Re: [PATCH v5 1/2] selinux: add brief info to policydb
From: Sebastien Buisson
Date: Wed May 17 2017 - 11:25:10 EST
2017-05-17 17:09 GMT+02:00 William Roberts <bill.c.roberts@xxxxxxxxx>:
> On Wed, May 17, 2017 at 7:59 AM, Sebastien Buisson
> <sbuisson.ddn@xxxxxxxxx> wrote:
>> 2017-05-16 22:40 GMT+02:00 Stephen Smalley <sds@xxxxxxxxxxxxx>:
>>>> + strcpy(*brief, policydb.policybrief);
>>>> + /* *len is the length of the output string */
>>>> + *len = policybrief_len - 1;
>>>
>>> Is there a particular reason to not just return policybrief_len here as
>>> well, for consistency in the interface? How do you intend to use this
>>> value in the caller?
>>
>> As called in the other patch to expose policy brief via selinuxfs
>> (sel_read_policybrief), the intent is to provide the caller with the
>> length of the string returned.
>> Or should I set *len to policy brief_len here, and just make the
>> caller aware that the returned length is in fact the length of the
>> buffer (i.e. including terminating NUL byte)?
>
> What is the caller supposed to do with length? This interface seemed kind of
> odd. If it's guaranteed NUL byte terminated, do they even need length?

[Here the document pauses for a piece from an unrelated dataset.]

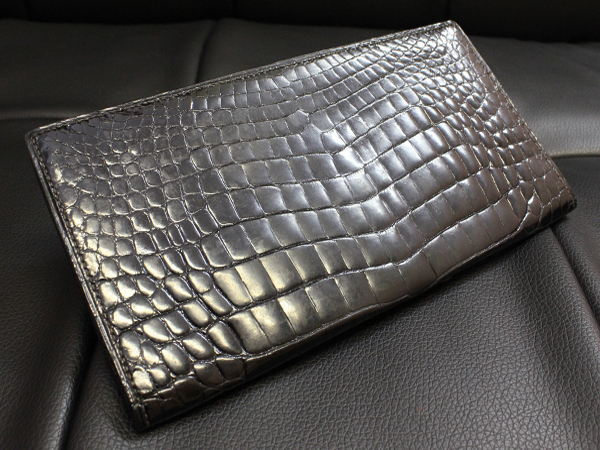 モラビト総ワニ革シャイニーブラッククロコレザーメンズ長財布黒 二つ折り財布 小銭入れなし 売買されたオークション情報 Yahooの商品情報をアーカイブ公開 オークファン Aucfan Com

The length is useful as an input parameter in case the caller provides
its own buffer (instead of letting the function allocate one), and as
an output parameter in case the buffer given in input is not large
enough.
In any case, it can spare the caller the effort of recomputing the
length. As an example, sel_read_policybrief() in the 2/2 patch needs
to know the length of the string to put in the user buffer.